とはいえ明人がナコの恋愛を成就させたとしてもそれは、また別の話だ。
1組の異種族同士のカップルが生まれる、それも狐族の長ともあろう者が。
そうなっては周囲に言い訳ができない。
他種族に好意を抱くという前例がある以上、この部屋のなかだけの問題ではないということ。
問題は1つではない。かなり捻じくれ、複雑化してしまっている。
「ユエラ。その後の手は考えてあるってことでいいかい?」
明人は、ユエラに軽く問う。
「当然でしょ?」
するとユエラは、期待に答える回答を明人に返す。
そしてひとり欠けてなおドゥ家であるひとりと1人は、同時に確認をとる。
「はい。仙狐様と相手の少年を引き合わせていただければ依頼は達成でやんす。そこで剣聖様を必ず開放するとお約束させていただきやす」
ナコを背を撫でて慰めていた男も、コクリと大きく首を縦に振った。
提示された条件と妥協案の相互理解。それつまり依頼が受諾され今をもって遂行される。
依頼内容は、仙狐を救ったという努力家の少年を探しだし連れてくること。
「捜索か。簡単ではないけど闘うわけでもないし、戦争と比べればヌルいかなぁ」
そう、明人が天井にうかって高をくくった矢先。
世話役の男が掛け軸近くの引きだしからあるものをとりだした。
「ここに仙狐様直筆による少年の絵が描かれてるでやんす。参考になれば良いんでやんすが……」
手にした巻物の紐をくるくると解き、興味津々と前のめりになる一党へ、するする広げて見せてきた。

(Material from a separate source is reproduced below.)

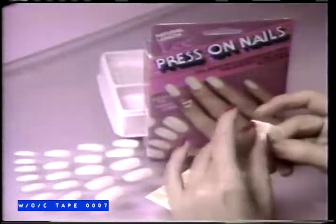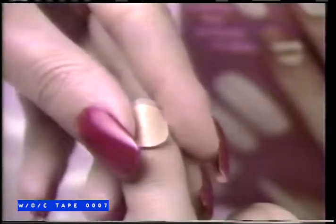These are the amazing Lee Press-On Nails. They press on in seconds. No glue, no mess. Simply press on Lee Super Stick tabs, then press on Lee Press-On Nails. That's all.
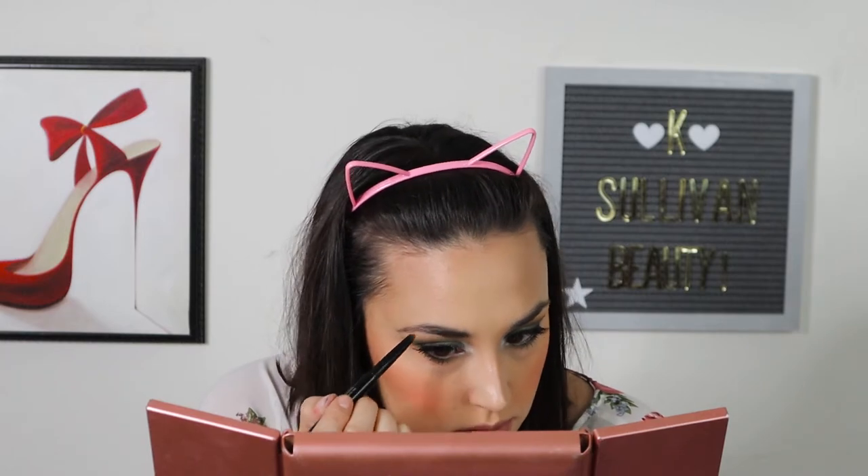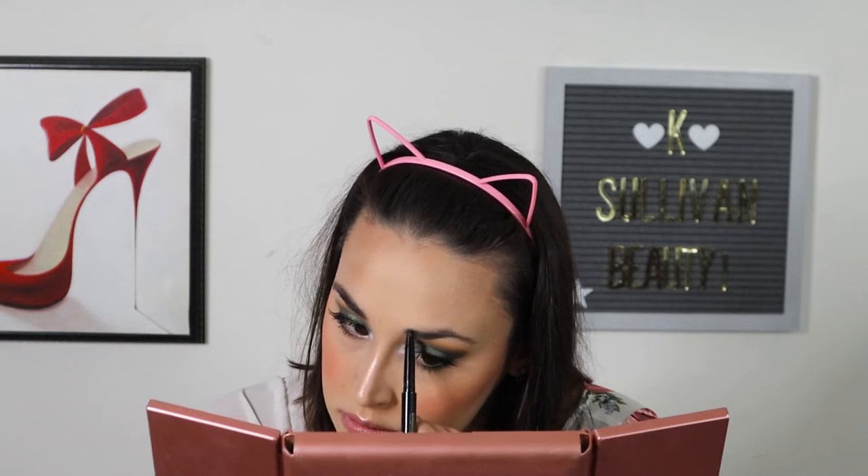I'm using Mellow Cosmetics brow definer. I'm going to set my face with Mac Fix Plus — I know, who am I? Why am I not setting it with Urban Decay All Nighter? Just taking a break from that one today. We're going to finish the look off with the Mac Aladdin collab in Friend Like Me. I'm really enjoying this shade.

「うわぁ、なかなか可愛い男の子ですねぇ……。これって……複合種……?」
よつん這いのクロトは、絵を見たあと機械のように首をギギギ、と回しながらこちらを見る。
そしてその瞬間。
明人とユエラは、声にならぬ声をおそらく喉から漏らした。
「……あ”?」
「……えふぇ?」
そこに描かれているのは、見まごうことなき少年だ。
目つきは少々小憎たらしいところがあり、さらさらのショートヘア、丸い輪郭に幼さを残しながらも、どこか大人びた表情の少年。
それだけならどこにでもいる普通の少年、問題はなかった。
だが、そこからが問題だった。
「おい待ってくれ! ナコの恋の相手がコイツって嘘でしょ!?」
描かれていた少年の面影を、明人でだからこそ忘れるはずもない。
その法衣に代わって、半袖短パンのまさに少年といった格好の、罪深き少年を。
「だってこれ――まんまディクラじゃん!?」
明人は思わずその名を声を大にして叫んだ。
その少年こそ、明人の手で指を引き、弾きだした散弾で葬ったはずの――妖精王ディクラ・L・ルセーユ・シェバーハと瓜ふたつだったから。